Продолжая энергично растираться полотенцем, он вышел из ванной.
Магали последовала за ним в гостиную, необычайно растроганная видом этого сильного и сердитого человека и сказанными им только что словами. «За всю свою жизнь».
– Я ведь без разрешения проникла в твой дом, так почему же ты уступаешь мне кровать?
Этот вопрос, видимо, рассердил его еще больше. Сжав в кулаке полотенце, он внезапно повернулся к ней.
– Именно с моего разрешения, Магали, разве ты забыла, что держишь в руке ключ? Может быть, ты думаешь, что я выдаю его каждой женщине, встретившейся мне на улице?

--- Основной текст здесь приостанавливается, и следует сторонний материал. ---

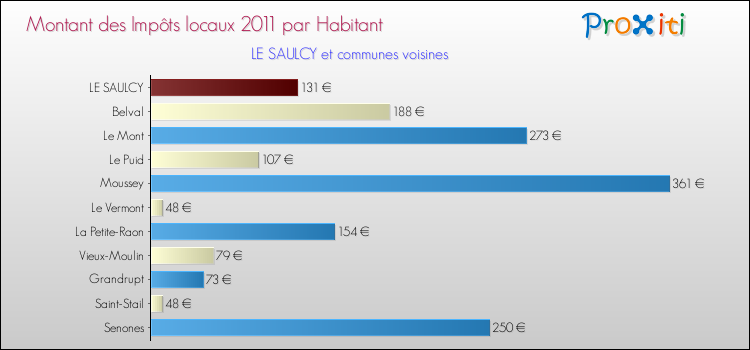 Montant des impôts locaux par Habitant pour LE SAULCY et les communes proches Comparaison des impôts locaux par habitant pour LE SAULCY et les communes voisines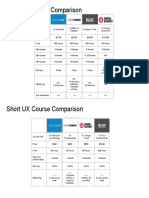UX Design Course Comparison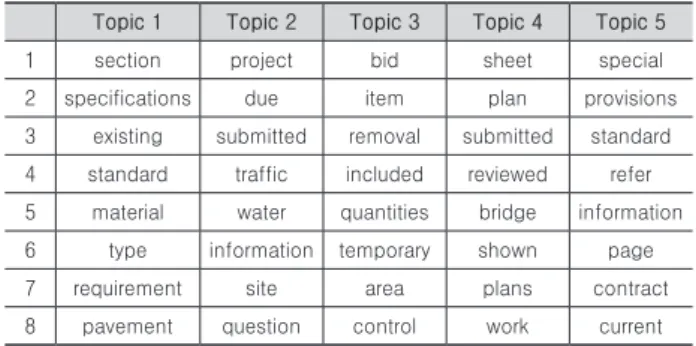 Table 4. Topic modeling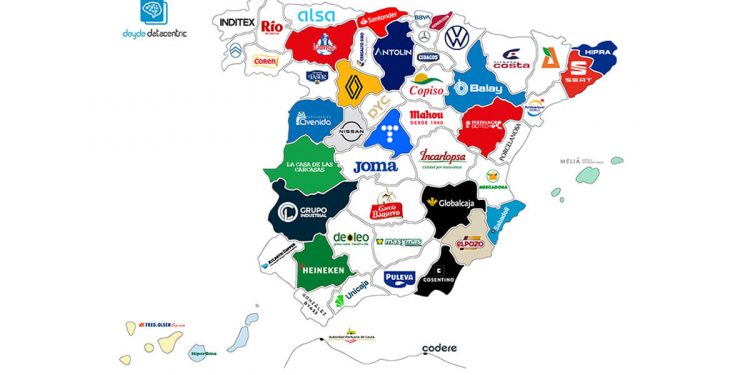 TopEmpresas provincias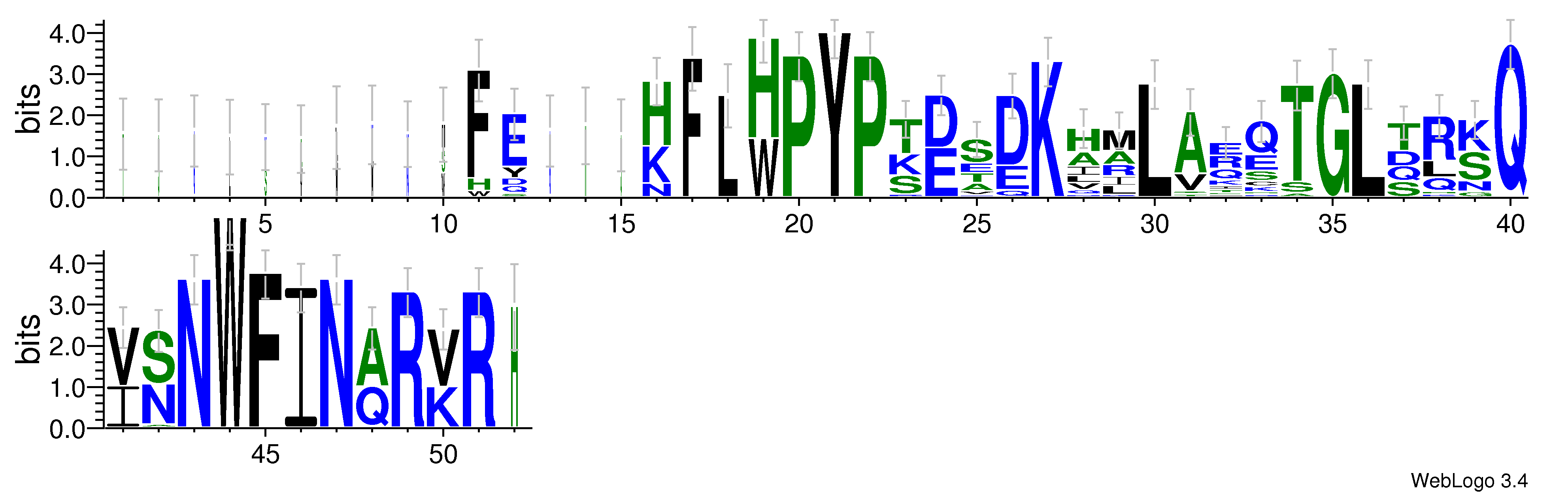 domain alignment logo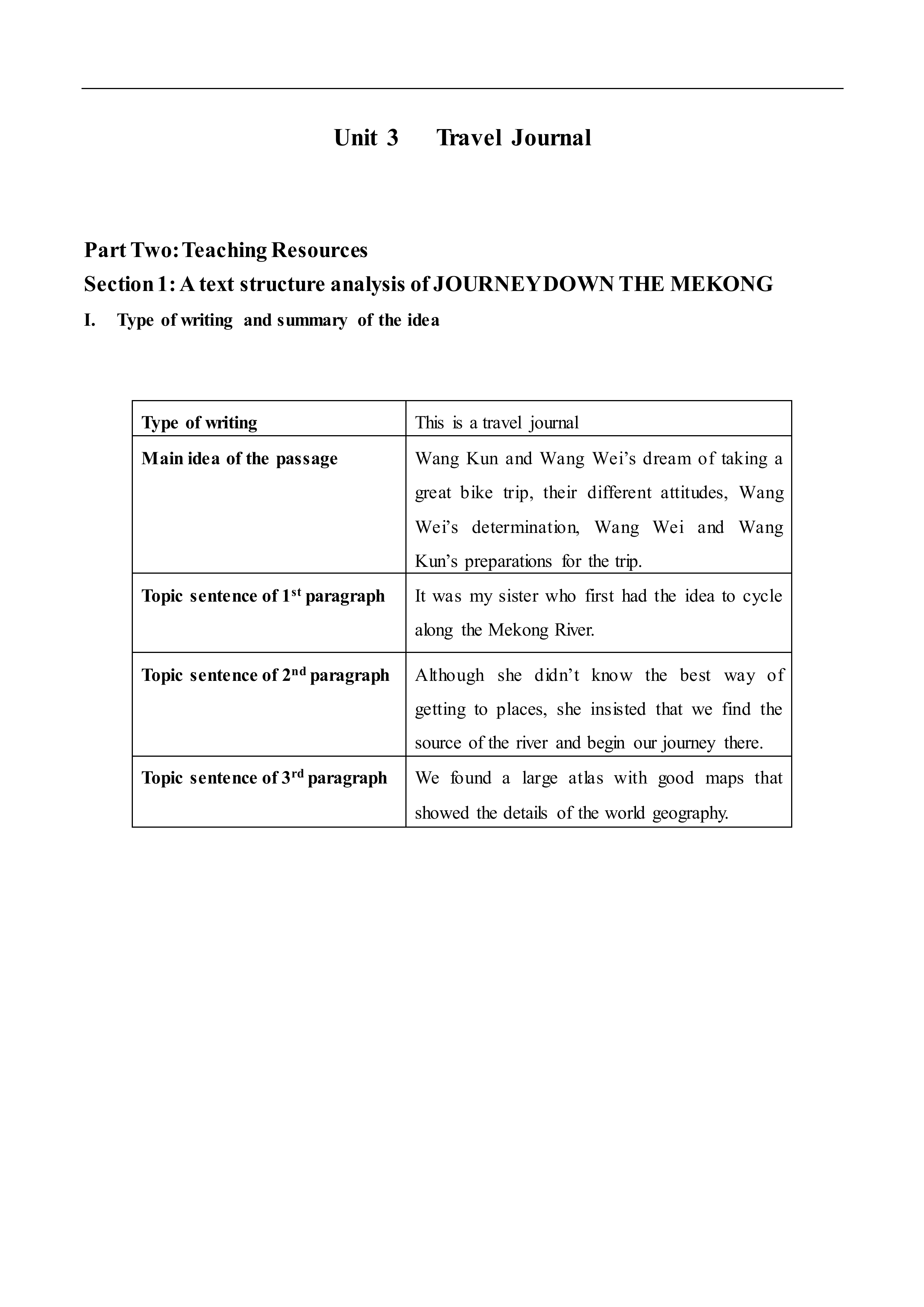 Travel journal_教案4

Однако именно сейчас мне не хочется никакого общения с тобой. – Она вздрогнула всем телом. – Поэтому отправляйся в мою кровать и оставь меня в покое.
Дрожь сменилась вспышкой тепла, бальзамом пролившегося на раненую душу. Она склонила голову.
– Ты не хочешь общаться со мной, поэтому уступаешь мне свою кровать?
– Черт подери, довольно, Магали.
Филипп скомкал полотенце и, швырнув его на пол, повернулся к ней спиной. И замер в обнаженном великолепии. Свет уличных фонарей, проникавший сквозь большие окна, покрыл все его мускулистое тело серебристо-золотыми бликами.
– Прости, – тихо произнесла она.
Его голова чуть поднялась, но тут же устало опустилась под бременем слишком большой обиды или слишком сильного гнева, которые вытянули из него все жилы.